Addressed Nico & Callum review comments.

bwplotka · bwplotka · commit 0fe10e37fff7 · 2024-06-19T09:58:44.000+01:00
Signed-off-by: bwplotka &lt;bwplotka@gmail.com&gt;
diff --git a/content/docs/specs/remote_write_spec_2_0.md b/content/docs/specs/remote_write_spec_2_0.md
@@ -26,7 +26,7 @@ The Remote-Write protocol is designed to make it possible to reliably propagate
 <!---
 For the detailed rationales behind each 2.0 Remote-Write decision, see: https://github.com/prometheus/proposals/blob/alexg/remote-write-20-proposal/proposals/2024-04-09_remote-write-20.md
 -->
-The Remote-Write protocol is designed to be stateless; there is strictly no inter-message communication. As such the protocol is not considered "streaming." To achieve a streaming effect multiple messages should be sent over the same connection using e.g. HTTP/1.1 or HTTP/2. "Fancy" technologies such as gRPC were considered, but at the time were not widely adopted, and it was challenging to expose gRPC services to the internet behind load balancers such as an AWS EC2 ELB.

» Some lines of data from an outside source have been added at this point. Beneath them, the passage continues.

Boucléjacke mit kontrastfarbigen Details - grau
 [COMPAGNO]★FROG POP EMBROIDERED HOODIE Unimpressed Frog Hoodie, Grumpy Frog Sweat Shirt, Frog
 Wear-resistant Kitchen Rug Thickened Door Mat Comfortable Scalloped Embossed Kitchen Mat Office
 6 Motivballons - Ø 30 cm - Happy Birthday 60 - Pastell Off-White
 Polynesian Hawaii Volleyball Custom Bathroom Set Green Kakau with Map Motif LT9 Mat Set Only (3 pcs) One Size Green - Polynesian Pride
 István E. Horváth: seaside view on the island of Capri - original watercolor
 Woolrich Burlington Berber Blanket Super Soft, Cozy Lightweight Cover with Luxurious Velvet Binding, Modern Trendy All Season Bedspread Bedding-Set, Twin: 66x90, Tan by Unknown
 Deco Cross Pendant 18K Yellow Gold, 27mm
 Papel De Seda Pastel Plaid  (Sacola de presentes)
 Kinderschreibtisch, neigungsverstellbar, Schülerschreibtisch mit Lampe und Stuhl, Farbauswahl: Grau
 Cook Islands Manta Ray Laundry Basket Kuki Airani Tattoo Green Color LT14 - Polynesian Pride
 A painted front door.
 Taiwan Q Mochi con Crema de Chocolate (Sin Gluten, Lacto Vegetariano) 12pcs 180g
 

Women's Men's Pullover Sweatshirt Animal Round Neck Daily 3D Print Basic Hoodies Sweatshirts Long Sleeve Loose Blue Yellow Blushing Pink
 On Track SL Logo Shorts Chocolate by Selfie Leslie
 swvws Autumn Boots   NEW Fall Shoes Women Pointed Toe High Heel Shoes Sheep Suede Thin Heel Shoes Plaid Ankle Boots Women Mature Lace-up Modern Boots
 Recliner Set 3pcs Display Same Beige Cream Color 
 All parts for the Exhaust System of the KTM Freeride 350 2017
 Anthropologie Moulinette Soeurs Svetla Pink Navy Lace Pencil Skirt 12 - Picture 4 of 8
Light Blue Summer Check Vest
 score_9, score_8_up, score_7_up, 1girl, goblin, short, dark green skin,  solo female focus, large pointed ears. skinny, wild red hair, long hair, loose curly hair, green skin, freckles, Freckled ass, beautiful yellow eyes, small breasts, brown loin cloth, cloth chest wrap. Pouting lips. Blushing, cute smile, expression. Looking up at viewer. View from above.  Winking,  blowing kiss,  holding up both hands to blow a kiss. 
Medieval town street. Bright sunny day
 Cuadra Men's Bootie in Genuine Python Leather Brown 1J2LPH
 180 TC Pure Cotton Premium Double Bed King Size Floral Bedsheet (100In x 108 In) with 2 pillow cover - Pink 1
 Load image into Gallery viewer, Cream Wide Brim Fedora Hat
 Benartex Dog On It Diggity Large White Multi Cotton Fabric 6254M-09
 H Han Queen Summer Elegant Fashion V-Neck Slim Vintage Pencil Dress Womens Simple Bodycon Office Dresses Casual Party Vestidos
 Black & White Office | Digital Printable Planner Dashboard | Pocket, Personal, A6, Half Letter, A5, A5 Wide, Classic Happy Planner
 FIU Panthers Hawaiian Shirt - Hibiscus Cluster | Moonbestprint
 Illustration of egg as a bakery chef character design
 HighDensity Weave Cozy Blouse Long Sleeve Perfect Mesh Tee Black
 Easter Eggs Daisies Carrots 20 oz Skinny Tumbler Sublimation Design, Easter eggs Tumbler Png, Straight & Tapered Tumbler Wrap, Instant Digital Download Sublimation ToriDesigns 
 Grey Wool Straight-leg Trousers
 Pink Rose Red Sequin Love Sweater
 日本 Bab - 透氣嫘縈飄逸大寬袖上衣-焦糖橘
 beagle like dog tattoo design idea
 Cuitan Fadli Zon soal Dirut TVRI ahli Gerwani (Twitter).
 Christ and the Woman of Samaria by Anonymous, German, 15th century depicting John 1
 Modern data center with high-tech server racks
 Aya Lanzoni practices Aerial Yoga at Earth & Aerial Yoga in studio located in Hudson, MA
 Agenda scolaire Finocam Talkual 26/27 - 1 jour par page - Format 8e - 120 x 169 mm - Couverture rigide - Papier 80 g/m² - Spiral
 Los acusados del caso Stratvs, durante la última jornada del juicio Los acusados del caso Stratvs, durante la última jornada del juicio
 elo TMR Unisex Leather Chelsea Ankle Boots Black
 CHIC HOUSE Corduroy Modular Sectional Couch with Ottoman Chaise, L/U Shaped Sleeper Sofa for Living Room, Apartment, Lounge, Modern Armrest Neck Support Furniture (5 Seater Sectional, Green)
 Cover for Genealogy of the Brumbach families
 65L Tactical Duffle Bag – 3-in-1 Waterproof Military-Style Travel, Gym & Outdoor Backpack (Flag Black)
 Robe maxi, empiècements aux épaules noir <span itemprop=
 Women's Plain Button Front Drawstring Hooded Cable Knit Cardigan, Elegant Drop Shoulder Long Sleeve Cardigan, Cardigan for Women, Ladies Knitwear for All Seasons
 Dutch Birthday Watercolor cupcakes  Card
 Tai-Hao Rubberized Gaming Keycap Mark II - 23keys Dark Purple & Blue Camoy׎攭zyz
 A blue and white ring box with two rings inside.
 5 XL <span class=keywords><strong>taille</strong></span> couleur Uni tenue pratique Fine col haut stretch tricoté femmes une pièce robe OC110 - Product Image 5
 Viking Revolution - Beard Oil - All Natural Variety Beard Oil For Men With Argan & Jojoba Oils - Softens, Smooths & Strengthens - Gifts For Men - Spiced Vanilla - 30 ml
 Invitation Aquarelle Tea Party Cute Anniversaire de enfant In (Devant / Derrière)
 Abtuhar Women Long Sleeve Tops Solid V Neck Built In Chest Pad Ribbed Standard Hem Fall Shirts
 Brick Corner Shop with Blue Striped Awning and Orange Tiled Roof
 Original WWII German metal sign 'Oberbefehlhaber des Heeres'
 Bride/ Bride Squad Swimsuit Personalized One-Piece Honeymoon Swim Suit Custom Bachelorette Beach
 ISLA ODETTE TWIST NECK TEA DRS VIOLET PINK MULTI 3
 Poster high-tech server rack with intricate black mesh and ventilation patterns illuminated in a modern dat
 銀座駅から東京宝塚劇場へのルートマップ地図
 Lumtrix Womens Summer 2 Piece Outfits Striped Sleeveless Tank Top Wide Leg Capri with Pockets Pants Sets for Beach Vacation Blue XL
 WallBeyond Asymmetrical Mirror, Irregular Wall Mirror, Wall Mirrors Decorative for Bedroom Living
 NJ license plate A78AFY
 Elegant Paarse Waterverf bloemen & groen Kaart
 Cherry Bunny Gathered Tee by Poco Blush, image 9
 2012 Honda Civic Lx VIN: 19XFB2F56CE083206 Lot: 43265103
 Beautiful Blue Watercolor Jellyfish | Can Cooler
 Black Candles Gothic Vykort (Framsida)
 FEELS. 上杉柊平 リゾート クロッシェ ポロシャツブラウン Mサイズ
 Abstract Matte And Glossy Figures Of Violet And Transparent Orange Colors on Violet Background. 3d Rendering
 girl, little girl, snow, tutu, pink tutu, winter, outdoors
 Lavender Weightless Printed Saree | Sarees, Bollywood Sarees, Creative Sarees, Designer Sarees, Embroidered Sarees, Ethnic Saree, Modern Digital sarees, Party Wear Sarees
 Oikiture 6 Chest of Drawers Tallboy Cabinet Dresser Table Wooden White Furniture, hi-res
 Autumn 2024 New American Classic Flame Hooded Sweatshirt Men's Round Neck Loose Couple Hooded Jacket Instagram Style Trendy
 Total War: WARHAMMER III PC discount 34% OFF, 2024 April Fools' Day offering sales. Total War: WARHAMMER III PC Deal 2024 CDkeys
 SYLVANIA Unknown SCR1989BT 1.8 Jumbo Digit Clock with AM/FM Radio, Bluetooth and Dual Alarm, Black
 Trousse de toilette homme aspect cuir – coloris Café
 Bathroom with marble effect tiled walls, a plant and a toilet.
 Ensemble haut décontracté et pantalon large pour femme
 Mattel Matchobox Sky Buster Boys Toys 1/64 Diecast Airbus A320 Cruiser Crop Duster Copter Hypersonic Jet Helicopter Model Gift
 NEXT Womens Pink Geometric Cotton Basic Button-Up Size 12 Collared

+The Remote-Write protocol is designed to be stateless; there is strictly no inter-message communication. As such the protocol is not considered "streaming". To achieve a streaming effect multiple messages should be sent over the same connection using e.g. HTTP/1.1 or HTTP/2. "Fancy" technologies such as gRPC were considered, but at the time were not widely adopted, and it was challenging to expose gRPC services to the internet behind load balancers such as an AWS EC2 ELB.
 
 The Remote-Write protocol contains opportunities for batching, e.g. sending multiple samples for different series in a single request. It is not expected that multiple samples for the same series will be commonly sent in the same request, although there is support for this in the Proto Message.
 
@@ -38,7 +38,7 @@ In this document, the following definitions are followed:
 
 * a `Remote-Write` is the name of this Prometheus protocol.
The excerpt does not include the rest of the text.